As a youth-led continental movement working to promote the social and political development of Africa, the Young African Leaders Forum (YALF) rebukes the organizers of the coup, which started last Wednesday with the arrest of the interim president and prime minister.
Soldiers who stormed a cabinet meeting, plunging the poor West African country into chaos and uncertainty, detained President Michel Kafando and Prime Minister Yacouba Zida.
The military in Burkina Faso has taken to the airwaves to declare it now controls the country, confirming that a coup has taken place just weeks before national elections.
The new authorities, calling themselves the National Counsel for Democracy, have sealed the boarders of the country, cancelled flights, and imposed a curfew on citizens.

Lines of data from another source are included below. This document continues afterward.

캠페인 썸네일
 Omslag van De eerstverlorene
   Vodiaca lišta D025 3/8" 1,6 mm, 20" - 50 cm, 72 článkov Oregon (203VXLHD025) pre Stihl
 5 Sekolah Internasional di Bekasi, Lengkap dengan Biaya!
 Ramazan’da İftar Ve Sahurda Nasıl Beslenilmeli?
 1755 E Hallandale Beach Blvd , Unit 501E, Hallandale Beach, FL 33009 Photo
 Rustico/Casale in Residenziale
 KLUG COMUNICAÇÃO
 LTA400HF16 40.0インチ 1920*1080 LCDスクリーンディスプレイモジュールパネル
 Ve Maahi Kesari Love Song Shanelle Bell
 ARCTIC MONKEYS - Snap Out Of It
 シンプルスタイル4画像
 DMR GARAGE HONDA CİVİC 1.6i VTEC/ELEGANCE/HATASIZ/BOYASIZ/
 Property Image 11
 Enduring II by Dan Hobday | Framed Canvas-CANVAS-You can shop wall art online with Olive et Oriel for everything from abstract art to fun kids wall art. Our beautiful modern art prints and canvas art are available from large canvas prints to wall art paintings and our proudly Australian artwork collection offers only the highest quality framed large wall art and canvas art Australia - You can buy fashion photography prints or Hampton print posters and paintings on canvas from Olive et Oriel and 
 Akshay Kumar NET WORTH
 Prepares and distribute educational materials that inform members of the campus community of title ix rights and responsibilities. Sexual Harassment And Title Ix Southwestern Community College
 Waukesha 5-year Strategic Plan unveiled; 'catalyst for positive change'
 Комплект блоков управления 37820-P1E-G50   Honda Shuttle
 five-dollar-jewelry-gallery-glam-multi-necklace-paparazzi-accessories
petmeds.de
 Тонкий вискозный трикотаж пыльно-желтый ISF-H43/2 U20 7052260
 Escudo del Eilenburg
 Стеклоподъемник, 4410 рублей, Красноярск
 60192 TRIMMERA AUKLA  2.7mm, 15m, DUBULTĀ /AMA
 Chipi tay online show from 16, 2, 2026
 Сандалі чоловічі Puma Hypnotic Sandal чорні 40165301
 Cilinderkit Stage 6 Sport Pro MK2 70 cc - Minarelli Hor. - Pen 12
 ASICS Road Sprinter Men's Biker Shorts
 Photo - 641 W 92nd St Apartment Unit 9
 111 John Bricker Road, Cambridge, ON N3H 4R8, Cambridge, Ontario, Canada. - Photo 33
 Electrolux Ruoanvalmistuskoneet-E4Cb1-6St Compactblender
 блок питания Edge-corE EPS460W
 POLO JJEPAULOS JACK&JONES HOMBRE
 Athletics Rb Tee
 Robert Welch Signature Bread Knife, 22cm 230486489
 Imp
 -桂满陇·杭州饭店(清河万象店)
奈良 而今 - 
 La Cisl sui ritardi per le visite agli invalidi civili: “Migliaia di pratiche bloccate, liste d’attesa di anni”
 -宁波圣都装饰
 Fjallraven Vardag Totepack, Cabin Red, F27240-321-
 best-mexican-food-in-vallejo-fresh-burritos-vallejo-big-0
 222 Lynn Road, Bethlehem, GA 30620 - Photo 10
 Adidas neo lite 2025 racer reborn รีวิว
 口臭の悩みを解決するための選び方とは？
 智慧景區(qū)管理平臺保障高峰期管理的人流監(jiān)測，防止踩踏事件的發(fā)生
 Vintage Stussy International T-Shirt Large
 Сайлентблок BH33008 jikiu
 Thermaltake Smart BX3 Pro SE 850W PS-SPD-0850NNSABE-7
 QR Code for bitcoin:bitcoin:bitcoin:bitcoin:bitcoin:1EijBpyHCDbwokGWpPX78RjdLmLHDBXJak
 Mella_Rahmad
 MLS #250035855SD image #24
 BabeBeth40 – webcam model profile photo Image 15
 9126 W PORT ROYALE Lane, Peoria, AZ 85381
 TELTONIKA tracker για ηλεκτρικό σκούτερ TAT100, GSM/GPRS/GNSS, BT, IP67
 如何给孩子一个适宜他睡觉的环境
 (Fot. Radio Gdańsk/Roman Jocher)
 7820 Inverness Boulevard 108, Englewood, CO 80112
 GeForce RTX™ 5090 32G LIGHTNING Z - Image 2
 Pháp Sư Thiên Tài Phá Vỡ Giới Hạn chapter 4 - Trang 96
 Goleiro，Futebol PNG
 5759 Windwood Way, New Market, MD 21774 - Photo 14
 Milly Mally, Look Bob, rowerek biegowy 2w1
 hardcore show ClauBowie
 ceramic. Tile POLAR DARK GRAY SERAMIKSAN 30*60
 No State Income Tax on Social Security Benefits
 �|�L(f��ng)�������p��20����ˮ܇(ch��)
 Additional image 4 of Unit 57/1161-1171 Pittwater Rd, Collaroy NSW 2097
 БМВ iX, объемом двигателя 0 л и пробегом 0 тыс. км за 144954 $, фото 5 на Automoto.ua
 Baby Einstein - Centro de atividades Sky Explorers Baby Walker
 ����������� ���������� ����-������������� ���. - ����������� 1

Soldiers from the elite presidential guard stormed into a cabinet meeting on Wednesday and abducted President Michel Kafando and ministers, disrupting a transition period due to end with polls on October 11.
As the two African mediators arrived on Friday, members of the elite Presidential Security Regiment (RSP) which spearheaded the coup fired in the air to disperse protestors trying to march on Revolution Square, the epicentre of last year’s revolt against Compaore.
But at a press conference, Benin President Thomas Boni Yayi did not give any details on a potential deal, instead saying only that a “good decision” would be announced Sunday.
He said that the Presidential Guard is planning “to discuss all that with the concerned actors, notably the political parties and civil society organisations to establish a timetable that allows us to move towards presidential and parliamentary elections”.